Celestial e terrenal
Mas por que esse Mistério especial, confiado ao apóstolo Paulo, foi mantido em segredo? Porque é uma coisa celestial – o assunto dos conselhos celestiais de Deus –, enquanto o propósito das profecias do Velho Testamento é tornar conhecidos Seus conselhos terrenais. Isso é de grande importância, pois mostra quão completamente a Igreja está fora do mundo. Ela tem uma origem diferente, é revelada em um momento diferente, se alimenta de uma esperança diferente, pertence a uma esfera diferente. Em vez de herdar as promessas do Velho Testamento e cumprir as profecias do Velho Testamento, a Igreja forma com elas o mais absoluto contraste que a mente possa conceber.

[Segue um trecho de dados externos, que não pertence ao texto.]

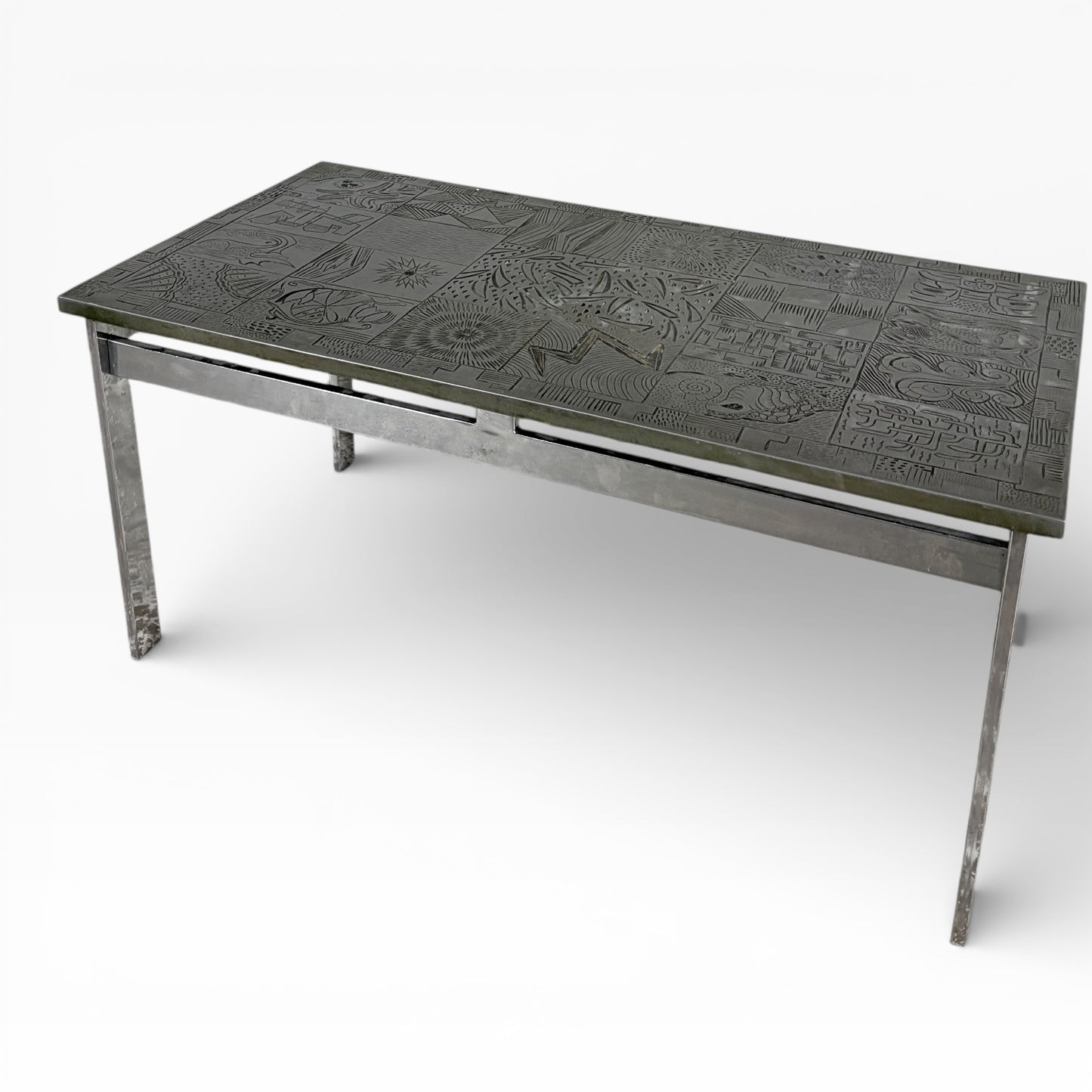 Mid Century Carved Copper & Chrome Abstract Tile Coffee Table — view 2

São tão diferentes que as duas coisas não podem existir juntas. Enquanto os propósitos de Deus sobre a Terra estavam sendo revelados, o Mistério da Igreja estava oculto. Quando o Mistério da Igreja foi revelado, os propósitos sobre a Terra foram suspensos. A Igreja está associada a Cristo no céu; Israel está associado a Ele na Terra. A Igreja O conhece em Seus sofrimentos e paciência; Israel O conhecerá em Sua exaltação e poder. A Igreja se alegra n’Ele como a noiva se regozija em seu noivo; Israel se regozijará n’Ele como uma nação em seu soberano. A Igreja aguarda por Ele para levá-la ao céu; a nação de Israel aguarda por Ele para estabelecê-la na Terra. Tal é a nossa porção celestial, em contraste com até mesmo o mais favorecido dos povos terrenais.
O ministério de Paulo
Por mais diligente que Paulo fosse em buscar almas, esse magnífico assunto do “Mistério de Cristo” nunca esteve ausente de seu coração. Se ele orava pelo estabelecimento de santos, era de acordo com o Mistério. Se ele desejava que estivessem “unidos em caridade (ou amor) e enriquecidos da plenitude da inteligência”, é “para conhecimento do Mistério”. Se ele pede que eles orem, é “para que Deus nos abra a porta da Palavra, a fim de falarmos do Mistério”. Se ele queria que fosse entendido o verdadeiro caráter da verdade confiada a ele, era porque Deus, por revelação, lhe havia dado a conhecer o Mistério. Certamente, se nosso coração estivesse mais sintonizado com a mente de Deus e com as afeições de Cristo, esse maravilhoso tema nos encheria de incessante adoração e deleite.